Prolog systems aiming at iso-prolog conformity do not have to support compound terms with arbitrarily large arities. The Prolog flag max_arity
reflects this.
According to ISO/IEC 13211-1:1995:
7.11.2.3 Flag: max_arity
Possible values: The default value only
Default value: implementation defined
Changeable: No
Description: The maximum arity allowed for any compound term, or
unbounded
when the processor has no limit for the number of arguments for a compound term.
So Prolog systems may or may not impose an upper limit on max_arity
... but what about the lower limit? Is, say, 5
okay?
NO!
ISO/IEC 13211-1:1995/Cor.2:2012, Technical Corrigendum 2, defines call/2..8
as:
8.15.4 call/2..8
...
NOTE — A standard-conforming processor may implement call/N in one of the following ways because error condition d is implementation dependent (3.91).
All of these ways only imply Max_arity >= 8
—but nothing more.
So my question has (at least) two sides:
Prolog User:
"What is the maximum arity I may use if I want to avoid vendor lock-in?"
Prolog Implementor:
"What is the smallest Max_arity
I must support if I aim1 at ISO-Prolog conformity?"
Right now, I'm quite sure the answer is this:
Yes,
Max_arity = 8
is okay.
But is it in fact so?
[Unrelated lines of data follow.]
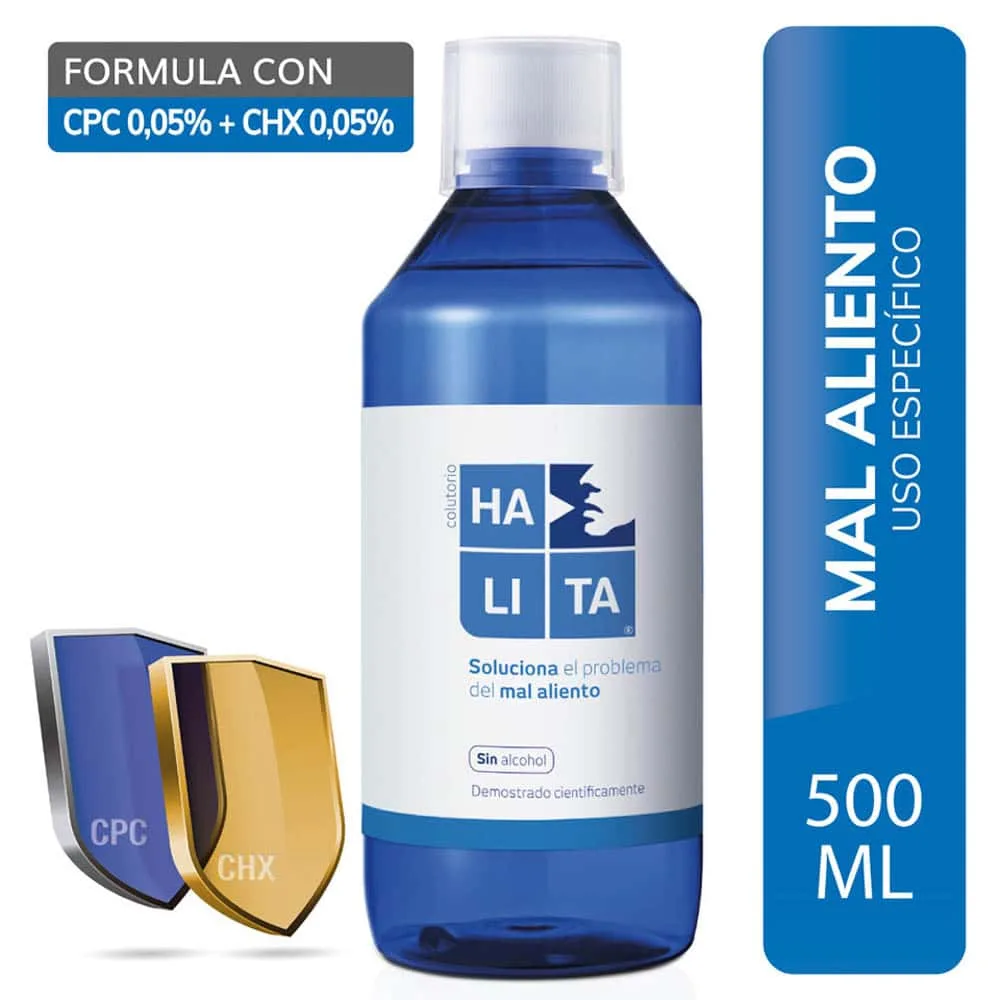 Colutorio Vitis Halita 500ml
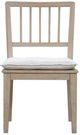 Modus Furniture Camden Chai/Oat Dining Chair with Detachable Cushion-2
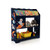 Kids Toy Storage Organizer with Book Shelf and Storage Cabinet-Navy - Color: Navy D681-JZ10089BL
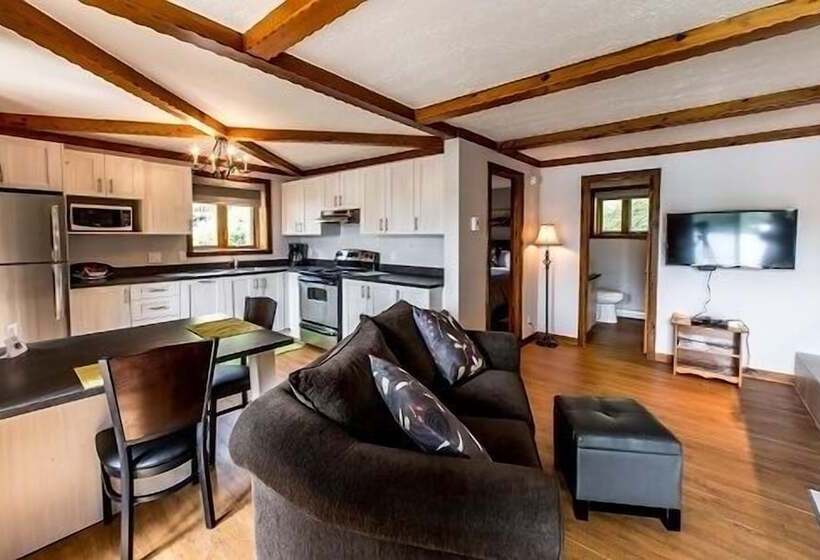 منتجع Chalets Lac à La Truite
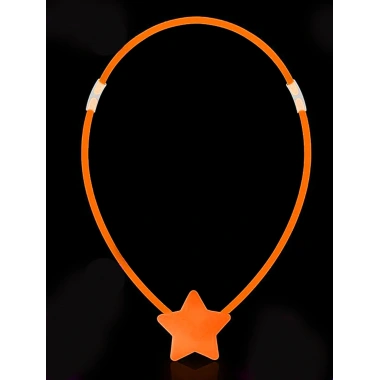 Glow Stick Yıldız Kolye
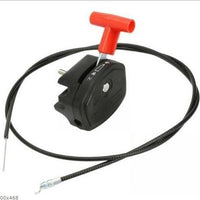 H538850 Lawn Mower Throttle Box Switch, Push Mower Throttle Control Handle, Throttle Cable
Are there clues I am missing?
Footnotes:
1) I do.
There is a gap somehow. max_arity only covers the compound size. But there is no flag for predicate size. The two things might vary as SWI-Prolog shows. But SWI-Prolog names the limit wrongly max_arity, although its not its max_arity flag:
/* SWI-Prolog 8.3.19 */
?- functor(_,f,10000).
true.
?- functor(F,f,10000), assertz(F).
ERROR: Cannot represent due to `max_arity' (limit is 1024, request = 10000)
?- current_prolog_flag(max_arity, X).
X = unbounded.
The predicate size limit might be more relevant to call/n than the compound size. The ISO core standard definition is a little unsatisfactory.
But its not thoroughly checked, but a fix on SWI-Prologs side is underway:
?- functor(F,f,10000), assertz(test:-F).
F = f(_ ...)
?- functor(F,f,10000), call(F,a).
%%% crash
Edit 25.02.2021:
The glitch in the error message is only explained when you look at the C-Code of SWI-Prolog, which has a C Constant MAXARITY with the meaning of predicate size. This Constant and the Error Message possibly predates the ISO core standard, which introduced another constant.